**PROBLEM TO WORK ON**
Give back, word for word, the lines in the listing below from the one holding "Fuchsienbild F. brevilobis 04" down to the one holding "10 снимков фотографа, с которым дружат животные. 10", both ends included.

**MATERIAL FOR THIS EXERCISE**
_ _ _ _ _

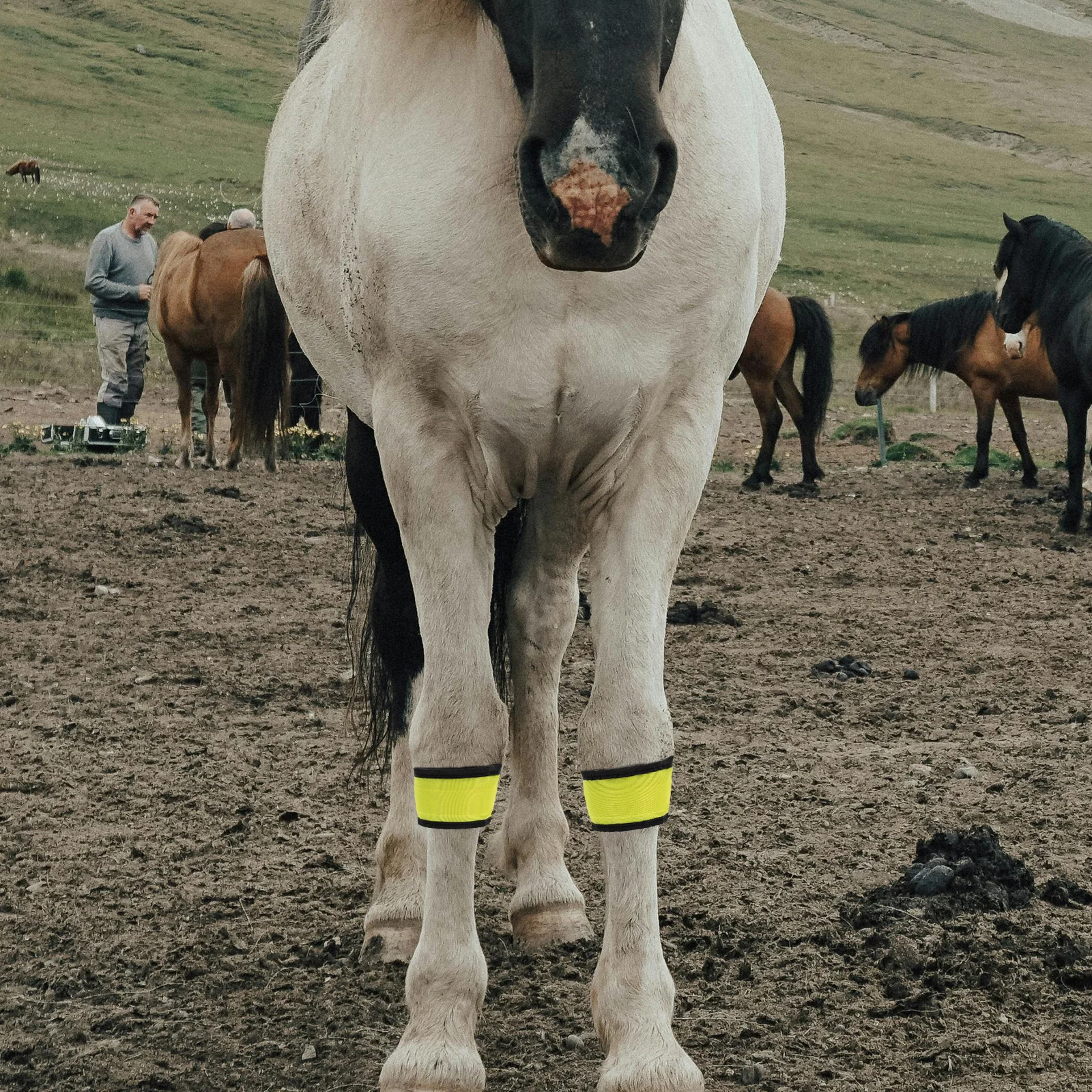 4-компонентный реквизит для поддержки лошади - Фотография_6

_ _ _ _ _

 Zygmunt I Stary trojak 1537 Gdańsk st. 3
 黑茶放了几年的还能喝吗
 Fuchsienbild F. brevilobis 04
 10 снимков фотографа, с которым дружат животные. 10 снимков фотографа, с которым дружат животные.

_ _ _ _ _

**ANSWER TO THIS TASK**
 Fuchsienbild F. brevilobis 04
 10 снимков фотографа, с которым дружат животные. 10 снимков фотографа, с которым дружат животные.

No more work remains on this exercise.